Clinical Research
Mangifera indica L. Leaf Extract in Combination With Luteolin or Quercetin Enhances VO2 peak and Peak Power Output
Mangifera indica L. Leaf Extract in Combination With Luteolin or Quercetin Enhances VO2 peak and Peak Power Output, and Preserves Skeletal Muscle Function During Ischemia-Reperfusion in Humans
Gelabert-Rebato, Miriam & Wiebe, Julia & Martín Rincón, Marcos & Gericke, Nigel & Pérez Valera, Mario & Curtelin, David & Galvan-Alvarez, Victor & Lopez-Rios, Laura & Morales-Alamo, David & Calbet, Jose
(2018) FRONTIERS IN PHYSIOLOGY. 9. 10.3389/fphys.2018.00740.
Abstract
It remains unknown whether polyphenols such as luteolin (Lut), mangiferin and quercetin (Q) have ergogenic effects during repeated all-out prolonged sprints. Here we tested the effect of Mangifera indica L. leaf extract (MLE) rich in mangiferin (Zynamite)

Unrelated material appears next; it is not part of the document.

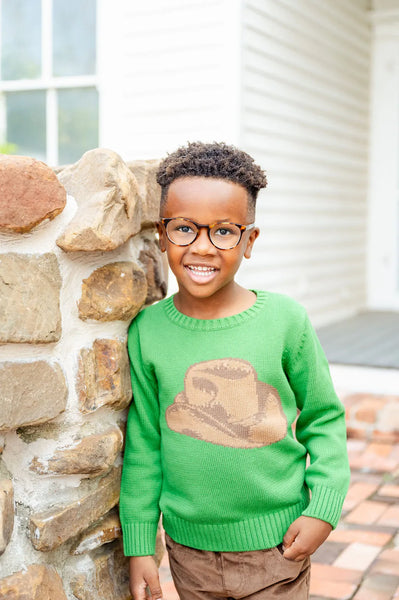 boy wearing green sweater with cowboy hat on it.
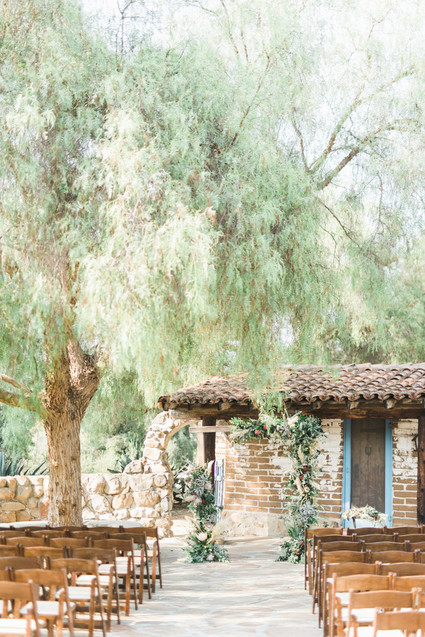 An all white Mexican inspires wedding at the most romantic Spanish venue in San Diego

administered with either quercetin (Q) and tiger nut extract (TNE), or with luteolin (Lut) on sprint performance and recovery from ischemia-reperfusion. Thirty young volunteers were randomly assigned to three treatments 48 h before exercise. Treatment A: placebo (500mg of maltodextrin/day); B: 140mg of MLE (60% mangiferin) and 50mg of Lut/day; and C: 140mg of MLE, 600mg of Q and 350mg of TNE/day. After warm-up, subjects performed two 30 s Wingate tests and a 60 s all-out sprint
interspaced by 4min recovery periods. At the end of the 60 s sprint the circulation of both legs was instantaneously occluded for 20 s. Then, the circulation was re-opened and a 15 s sprint performed, followed by 10 s recovery with open circulation, and
another 15 s final sprint. MLE supplements enhanced peak (Wpeak) and mean (Wmean) power output by 5.0–7.0% (P < 0.01). After ischemia, MLE+Q+TNE increased Wpeak by 19.4 and 10.2% compared with the placebo (P < 0.001) and MLE+Lut
(P < 0.05), respectively. MLE+Q+TNE increased Wmean post-ischemia by 11.2 and 6.7% compared with the placebo (P < 0.001) and MLE+Lut (P = 0.012). Mean VO2 during the sprints was unchanged, suggesting increased efficiency or recruitment of
the anaerobic capacity after MLE ingestion. In women, peak VO2 during the repeated sprints was 5.8% greater after the administration of MLE, coinciding with better brain oxygenation. MLE attenuated the metaboreflex hyperpneic response post-ischemia, may have improved O2 extraction by the Vastus Lateralis (MLE+Q+TNE vs. placebo, P = 0.056), and reduced pain during ischemia (P = 0.068). Blood lactate, acid-base balance, and plasma electrolytes responses were not altered by the supplements. In conclusion, a MLE extract rich in mangiferin combined with either quercetin and tiger nut extract or luteolin exerts a remarkable ergogenic effect, increasing muscle power in fatigued subjects and enhancing peak VO2 and brain oxygenation in women during prolonged sprinting. Importantly, the combination of MLE+Q+TNE improves skeletal muscle contractile function during ischemia/reperfusion.